▶ [DATA FOR REVIEW]
▼

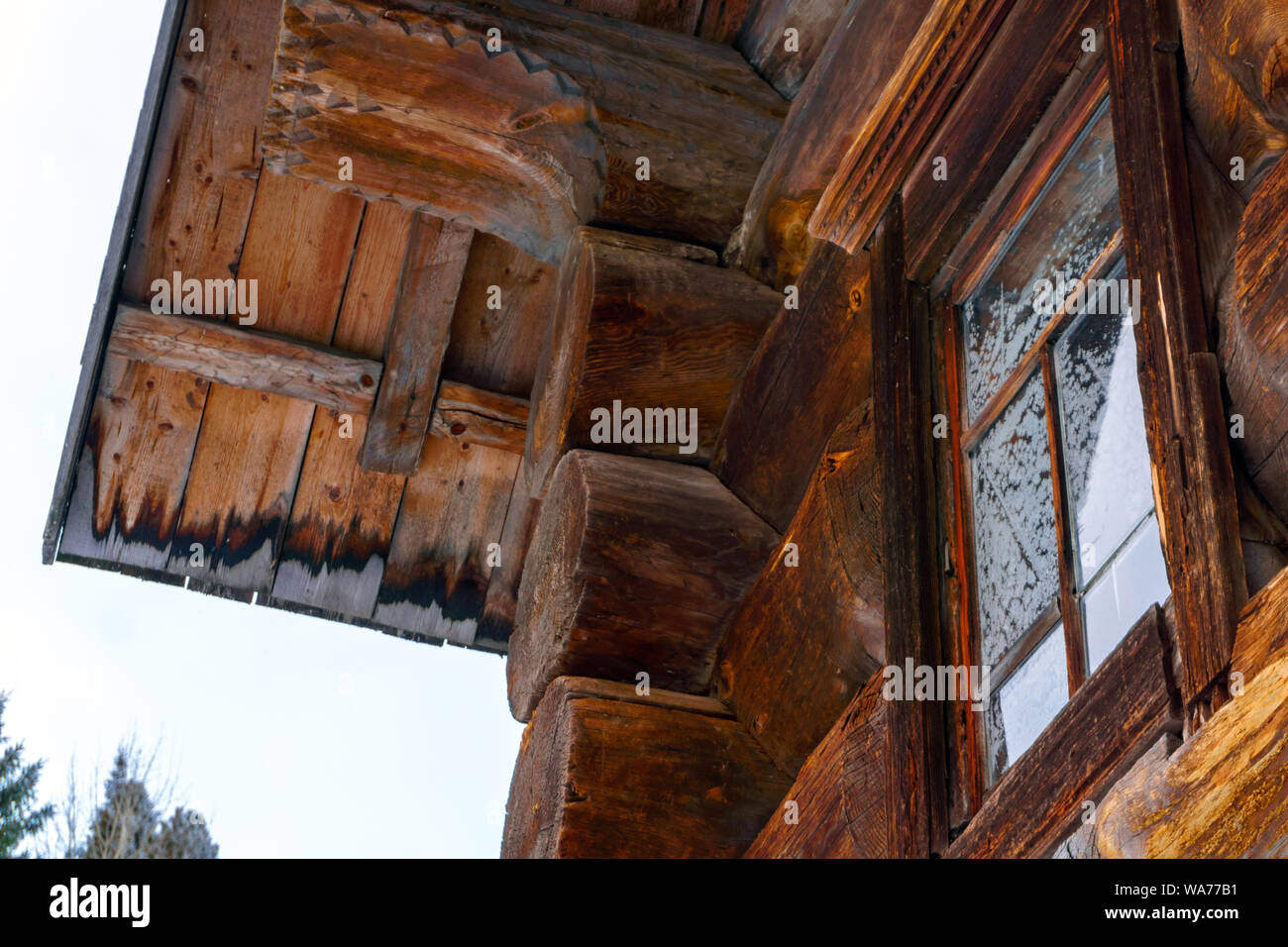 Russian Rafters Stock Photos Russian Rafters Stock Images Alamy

▲
▼

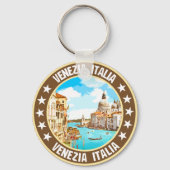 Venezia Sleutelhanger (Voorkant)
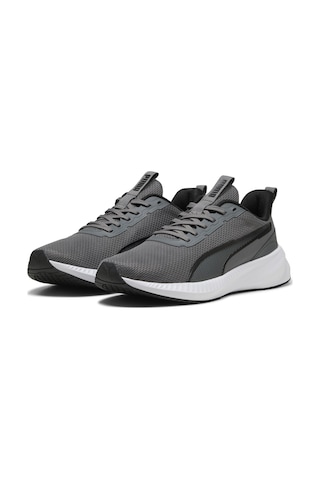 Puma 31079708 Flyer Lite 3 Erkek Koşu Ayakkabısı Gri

▲
▼

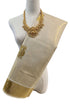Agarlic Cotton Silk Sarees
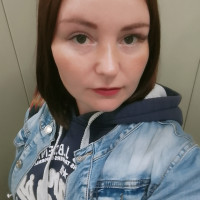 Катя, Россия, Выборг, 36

▲

▶ [TASK TO COMPLETE]
Reproduce the listing above exactly from the line containing "Venezia Sleutelhanger (Voorkant)" up to and including the line containing "Puma 31079708 Flyer", omitting any images and everything outside those lines.

▶ [ANSWER TO THIS PROBLEM]
 Venezia Sleutelhanger (Voorkant)
 Puma 31079708 Flyer Lite 3 Erkek Koşu Ayakkabısı Gri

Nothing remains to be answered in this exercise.